The union agent job involved interacting on the shop level with people, and organizing workers who were not organized into the union. He discovered a knack for organization with the conflict resolution skills required of the job. He writes, “For the first time in my life it dawned on me that I really could be persuasive in a very significant manner. That might not have registered instantly, but looking back it was a turning point in my life.”
* * *
RITA
Rita Raisel Tumorinson was born March 7, 1931 of immigrant parents who came to America from the same region of Russia/Poland as Bernie’s parents. Rita’s mother was born in Poland to a family that was very poor. Her grandmother made boots and her grandfather tended an orchard. They lived in a house of dirt floors. Rita’s mother, Rose Rothstein, told of gazing at the fruit on the trees attended by her father hoping for the taste of one, but knowing it was not allowed. In town, she spoke of having to step off the sidewalk into the gutter when a non-Jew approached. In Poland, rabbis educated only boys. Girls were not taught to read or write.
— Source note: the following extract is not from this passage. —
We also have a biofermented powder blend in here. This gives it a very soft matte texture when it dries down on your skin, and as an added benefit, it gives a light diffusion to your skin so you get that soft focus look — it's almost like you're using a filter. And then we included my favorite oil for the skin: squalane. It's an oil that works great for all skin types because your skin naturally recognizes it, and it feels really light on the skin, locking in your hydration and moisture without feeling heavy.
When Rose Rothstein arrived in America, she lived with relatives, and found a job making wigs. She couldn’t read or write. She bought a blackboard and taught herself to read Yiddish and a little English.
It was early twentieth century before WWI. Benjamin Tumorinson, another young immigrant, went to work in a furniture factory. In early 1917, he enlisted in the US Army and fought the Germans in France. Once the war was over Benjamin left the military proud of his US Army service and honorable discharge.
Instead of returning to the furniture factory, he opened a used furniture store. Business boomed. He met and married Rose. They bought a house with wood floors and thought they were rich, and then the Great Depression hit. They lost everything, the store and the beautiful house with the wood floors.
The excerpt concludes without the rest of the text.